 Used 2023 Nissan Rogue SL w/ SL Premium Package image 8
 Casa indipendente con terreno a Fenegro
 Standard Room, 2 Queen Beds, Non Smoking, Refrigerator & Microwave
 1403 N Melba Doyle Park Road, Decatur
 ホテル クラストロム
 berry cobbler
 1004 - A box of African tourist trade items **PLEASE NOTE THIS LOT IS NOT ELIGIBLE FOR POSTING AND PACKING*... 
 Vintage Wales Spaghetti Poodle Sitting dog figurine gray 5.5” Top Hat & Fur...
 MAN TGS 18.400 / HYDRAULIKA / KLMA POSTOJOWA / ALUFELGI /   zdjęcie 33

----------

Exercise description: Write the records out again. Keep every line exactly as it is.

Solution to the exercise:
 Used 2023 Nissan Rogue SL w/ SL Premium Package image 8
 Casa indipendente con terreno a Fenegro
 Standard Room, 2 Queen Beds, Non Smoking, Refrigerator & Microwave
 1403 N Melba Doyle Park Road, Decatur
 ホテル クラストロム
 berry cobbler
 1004 - A box of African tourist trade items **PLEASE NOTE THIS LOT IS NOT ELIGIBLE FOR POSTING AND PACKING*... 
 Vintage Wales Spaghetti Poodle Sitting dog figurine gray 5.5” Top Hat & Fur...
 MAN TGS 18.400 / HYDRAULIKA / KLMA POSTOJOWA / ALUFELGI /   zdjęcie 33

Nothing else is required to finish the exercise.